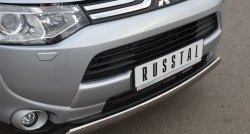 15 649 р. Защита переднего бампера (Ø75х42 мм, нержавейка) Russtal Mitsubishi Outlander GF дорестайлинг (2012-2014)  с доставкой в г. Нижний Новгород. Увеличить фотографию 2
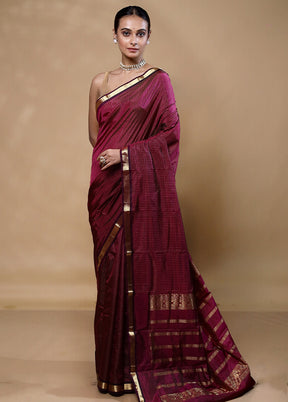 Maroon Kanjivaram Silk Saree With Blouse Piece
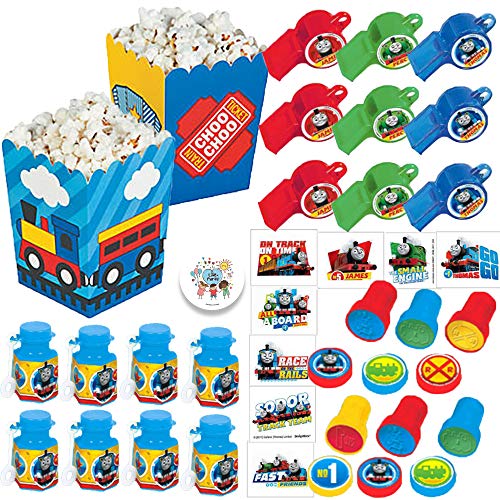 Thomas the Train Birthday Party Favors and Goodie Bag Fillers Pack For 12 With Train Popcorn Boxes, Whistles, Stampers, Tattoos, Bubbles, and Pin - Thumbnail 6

========

What is needed —
Print out all the material word for word but exclude any images.

Answer for this exercise —
 15 649 р. Защита переднего бампера (Ø75х42 мм, нержавейка) Russtal Mitsubishi Outlander GF дорестайлинг (2012-2014)  с доставкой в г. Нижний Новгород. Увеличить фотографию 2
 Maroon Kanjivaram Silk Saree With Blouse Piece
 Thomas the Train Birthday Party Favors and Goodie Bag Fillers Pack For 12 With Train Popcorn Boxes, Whistles, Stampers, Tattoos, Bubbles, and Pin - Thumbnail 6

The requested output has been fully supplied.